- **Given records**:
[Start of Attachment]

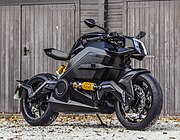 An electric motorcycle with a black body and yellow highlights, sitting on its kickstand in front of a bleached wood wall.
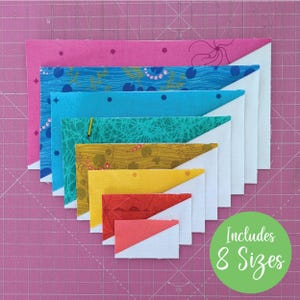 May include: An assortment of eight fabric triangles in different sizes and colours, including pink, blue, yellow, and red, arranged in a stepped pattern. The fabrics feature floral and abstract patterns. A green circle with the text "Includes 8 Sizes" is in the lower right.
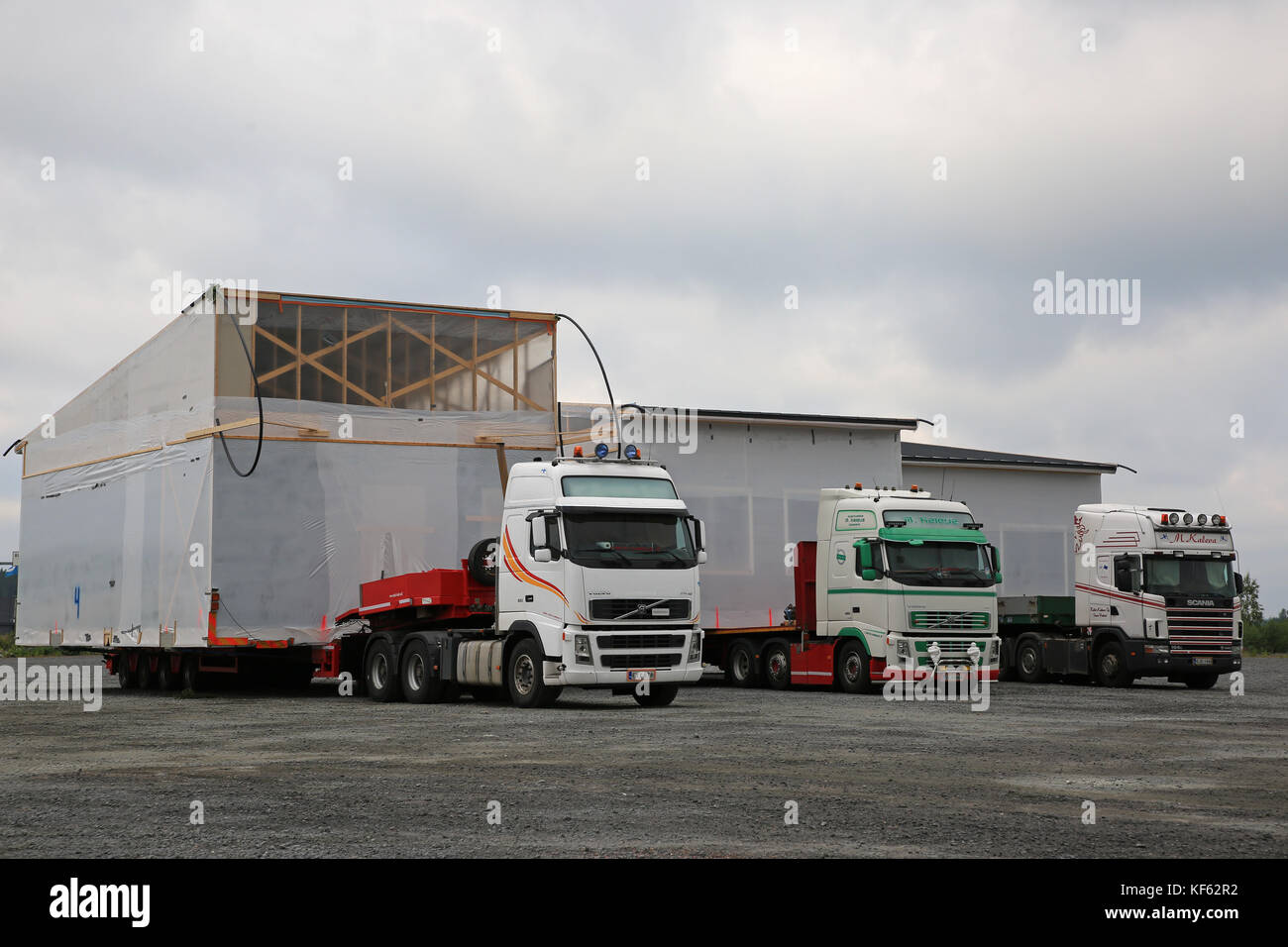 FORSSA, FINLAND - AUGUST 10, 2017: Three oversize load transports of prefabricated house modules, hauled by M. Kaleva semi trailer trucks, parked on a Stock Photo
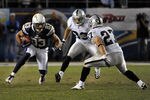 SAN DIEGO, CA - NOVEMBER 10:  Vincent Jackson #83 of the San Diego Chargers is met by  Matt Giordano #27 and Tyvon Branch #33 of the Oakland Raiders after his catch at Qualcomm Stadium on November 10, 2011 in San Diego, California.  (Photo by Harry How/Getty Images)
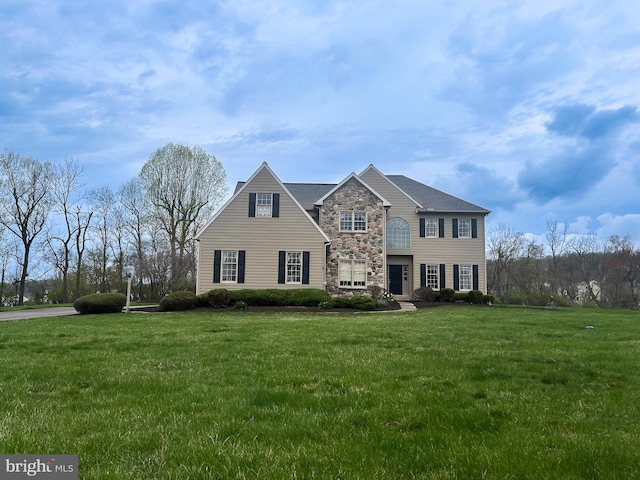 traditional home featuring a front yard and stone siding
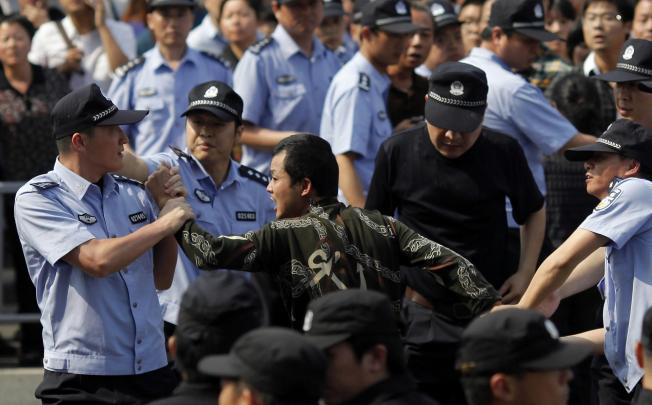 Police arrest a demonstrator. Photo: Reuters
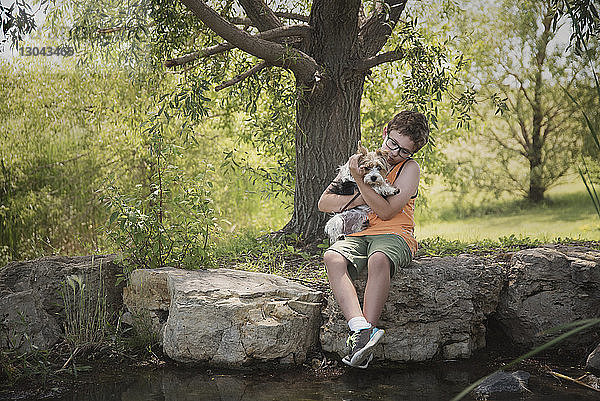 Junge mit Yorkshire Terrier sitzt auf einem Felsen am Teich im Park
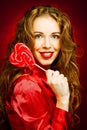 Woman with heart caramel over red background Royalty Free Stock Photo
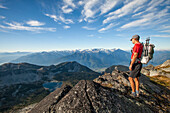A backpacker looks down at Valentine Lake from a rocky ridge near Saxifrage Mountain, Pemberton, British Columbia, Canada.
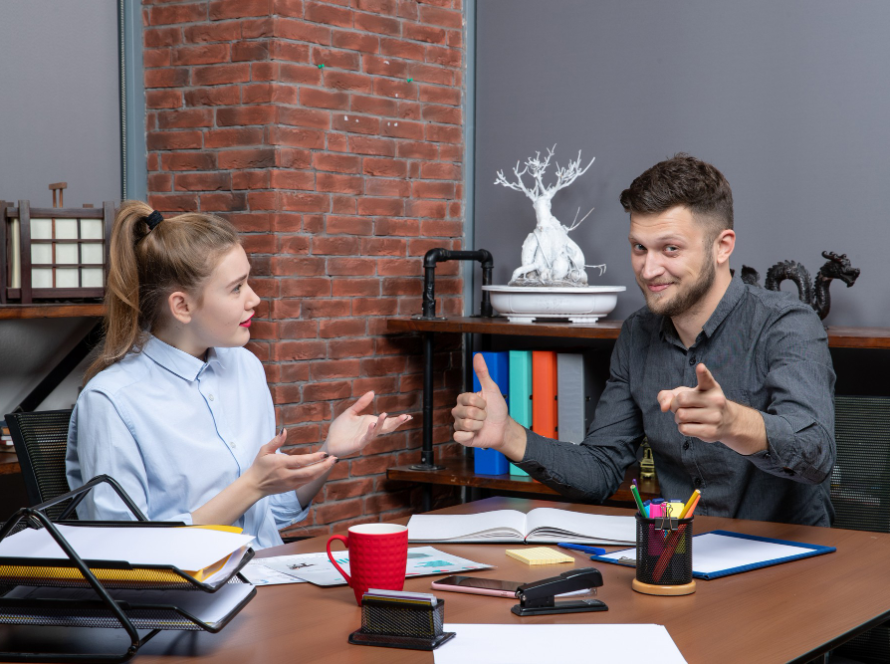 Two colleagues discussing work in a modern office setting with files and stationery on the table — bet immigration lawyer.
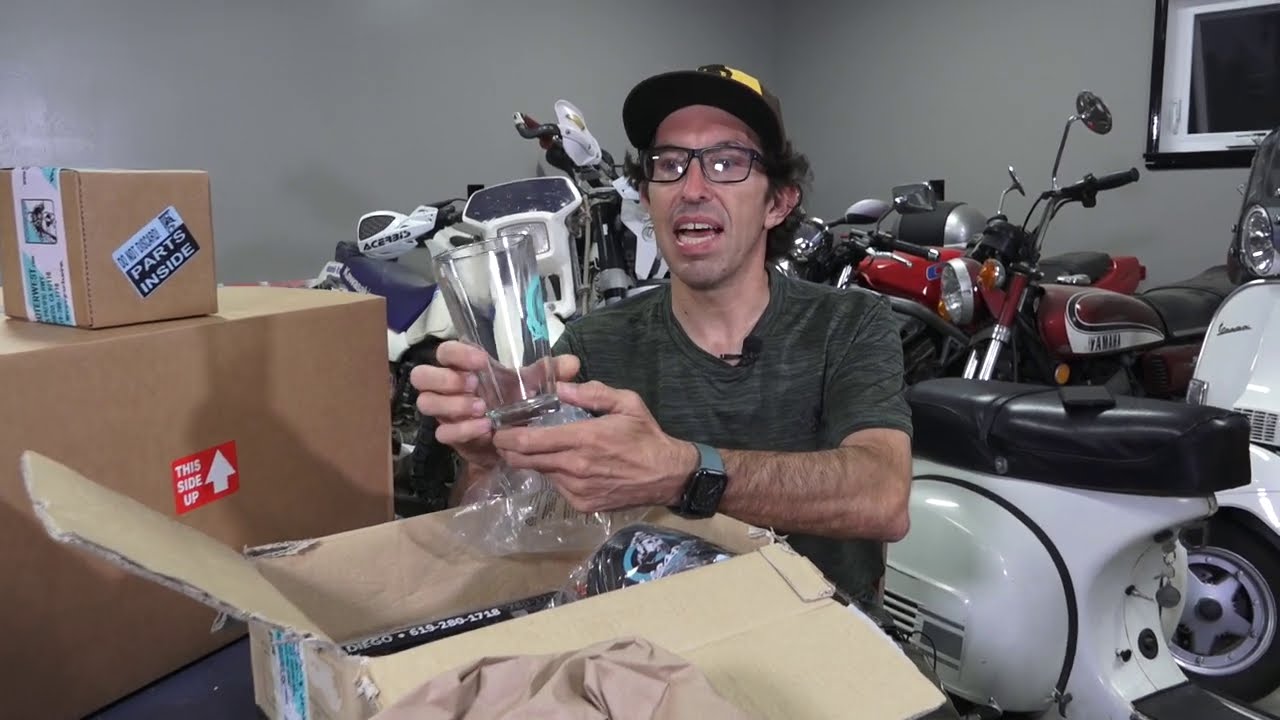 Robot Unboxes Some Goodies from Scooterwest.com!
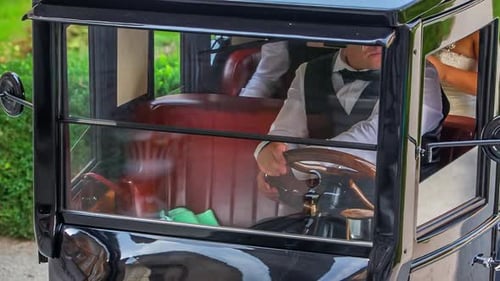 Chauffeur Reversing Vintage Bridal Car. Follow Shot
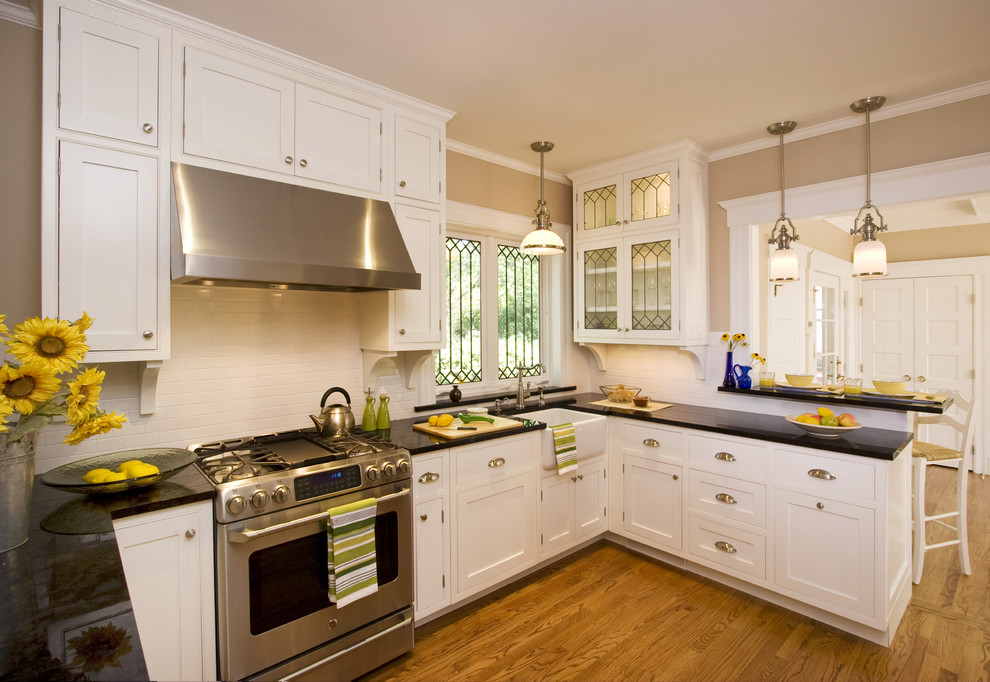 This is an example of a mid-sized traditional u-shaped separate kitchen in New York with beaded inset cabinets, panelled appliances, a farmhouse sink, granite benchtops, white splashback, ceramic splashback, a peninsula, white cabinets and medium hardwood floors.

[End of Attachment]

- **Exercise**: Reproduce each line of the records above, exactly and without pictures.

- **Output**:
 An electric motorcycle with a black body and yellow highlights, sitting on its kickstand in front of a bleached wood wall.
 May include: An assortment of eight fabric triangles in different sizes and colours, including pink, blue, yellow, and red, arranged in a stepped pattern. The fabrics feature floral and abstract patterns. A green circle with the text "Includes 8 Sizes" is in the lower right.
 FORSSA, FINLAND - AUGUST 10, 2017: Three oversize load transports of prefabricated house modules, hauled by M. Kaleva semi trailer trucks, parked on a Stock Photo
 SAN DIEGO, CA - NOVEMBER 10:  Vincent Jackson #83 of the San Diego Chargers is met by  Matt Giordano #27 and Tyvon Branch #33 of the Oakland Raiders after his catch at Qualcomm Stadium on November 10, 2011 in San Diego, California.  (Photo by Harry How/Getty Images)
 traditional home featuring a front yard and stone siding
 Police arrest a demonstrator. Photo: Reuters
 Junge mit Yorkshire Terrier sitzt auf einem Felsen am Teich im Park
 Woman with heart caramel over red background Royalty Free Stock Photo
A backpacker looks down at Valentine Lake from a rocky ridge near Saxifrage Mountain, Pemberton, British Columbia, Canada.
 Two colleagues discussing work in a modern office setting with files and stationery on the table — bet immigration lawyer.
 Robot Unboxes Some Goodies from Scooterwest.com!
 Chauffeur Reversing Vintage Bridal Car. Follow Shot
 This is an example of a mid-sized traditional u-shaped separate kitchen in New York with beaded inset cabinets, panelled appliances, a farmhouse sink, granite benchtops, white splashback, ceramic splashback, a peninsula, white cabinets and medium hardwood floors.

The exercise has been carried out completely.